From probabilities to flags — no rate to guess

The ensemble ranks everyone by careless probability, but turning a ranking into a yes/no decision usually needs a threshold — and asking the analyst for the “expected careless rate” is asking for exactly the unknown they are trying to measure. Worse, a fixed top-X% rule flags X% even on perfectly clean data. ReReRe avoids this with an automatic two-groups calibration: it fits a mixture of two distributions to the scores — an attentive cluster and a careless cluster — and asks whether a careless cluster is actually there (via BIC). If it is, the tool estimates the careless rate and flags that cluster; if the scores form a single cluster, it flags nobody. So a clean or already-cleaned dataset yields ~0% (no false-positive cascade), and a contaminated one yields a data-driven rate — with nothing to guess.

The automatic mode is deliberately conservative: it confidently flags the clearly-separated careless and reports them as the estimated rate; mild or partial inattention that overlaps the attentive cluster is intrinsically ambiguous and is left for you to judge from the dot plot and the per-respondent columns. If you do have a prior on the rate (a pilot, an earlier wave), you can override the automatic cut with a fixed expected rate under Advanced settings.

The automatic cut has three sensitivity settings (a false-positive-rate knob, ≈0.6% / 2% / 7%): Balanced is the default; Sensitive reaches deeper into the attentive tail to catch more careless when contamination is heavy; Conservative minimises false positives. All are found under Advanced settings.

Validated on real data. On our collected study (real attentive respondents with real careless mixed in at controlled rates from 5% to 50%), the ensemble ranks careless vs attentive essentially perfectly at every prevalence (AUC 0.98–0.99). At the default Balanced setting the automatic calibration reaches MCC ≈ 0.82–0.85 across the realistic 10–25% range (close to the oracle ceiling of ≈0.9) and recovers a rate near the truth.

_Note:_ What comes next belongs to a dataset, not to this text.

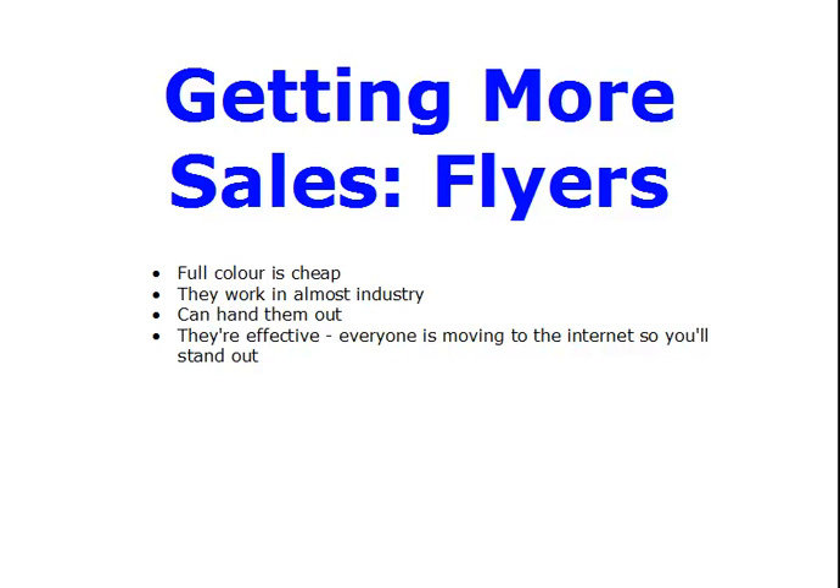Part of the reason flyers are effective is that everyone is pretty much moving to the internet because they're told they have to. So you'll actually stand out from the crowd. Whereas before, if you were in business, you might get someone knocking on your door several times a day — now it's less often. And if all you're doing is sitting there pressing refresh on your browser waiting for a sale to come in, the time spent handing out flyers is well worth it. Your phone can divert to your mobile so you wouldn't miss a call, and your phone probably picks up email too. Give it a try — don't think it's not for you or that it was done twenty years ago and no longer works. It does work, really really well.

It stays deliberately conservative at the extremes — too few careless to detect below ~5%, and a mild under-count above ~35%, where the careless are no longer a clear minority (raise the sensitivity there).

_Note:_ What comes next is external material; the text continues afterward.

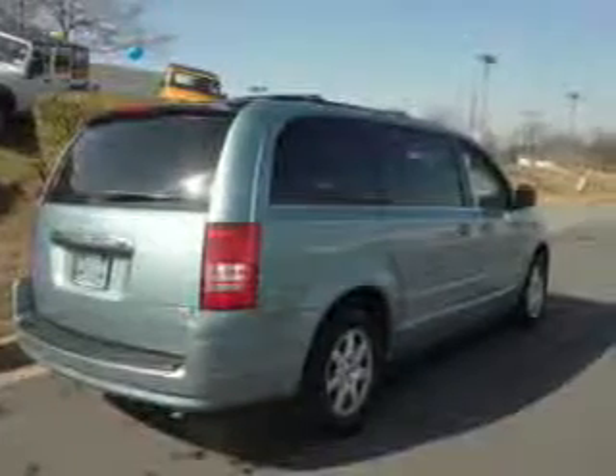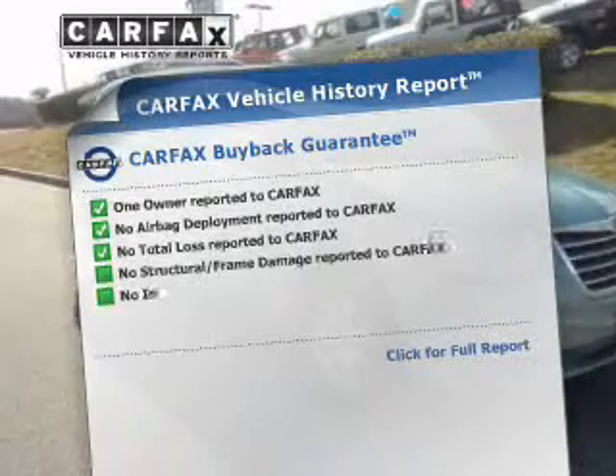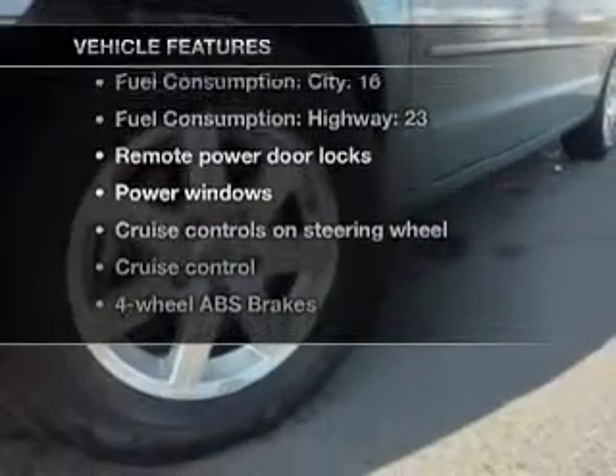He's always hot and she's always cold. Solve this problem while driving with dual temperature controls. Carfax has offered to provide you with peace of mind. Plus enjoy these notable features that are included in this vehicle.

Handling real questionnaires

Reverse-keyed items are aligned automatically from the sign of the sample correlation, so you needn't recode anything. Items on different Likert ranges are rescaled to a common proportion, so a 1–7 scale can't drown out a 1–4 one. Constant (zero-variance) respondents are handled explicitly. Every feature is standardised within your dataset before the ensemble combines them, so the fixed weights transfer across questionnaires of different length and scale. A structure diagnostic, calibrated against pure sampling noise, warns you when the data lack the cross-item structure the method needs.

When it works best

The signal grows with the number of correlated item pairs, so ReReRe is strongest on multi-construct batteries. In our validation study the ensemble is reliable (AUC ≈ 0.88–0.95) from about 45 items and 50 respondents upward — and already usable (AUC ≈ 0.80) from ~20 items — which is a wider envelope than rr alone. The applicability guide above reports where your specific dataset falls.

Privacy: your data never leaves your device — by design

Questionnaire data is often sensitive (personality, mental health, workplace surveys). This tool is built so that uploading your data is not just avoided — it is impossible: there is no server to receive it.

The static files are served by Cloudflare Pages; like any web host, Cloudflare sees the ordinary page request (your IP requesting the site) — but never your data, which is opened only after the page is already on your machine. Your institution's policies for handling data on your own computer still apply.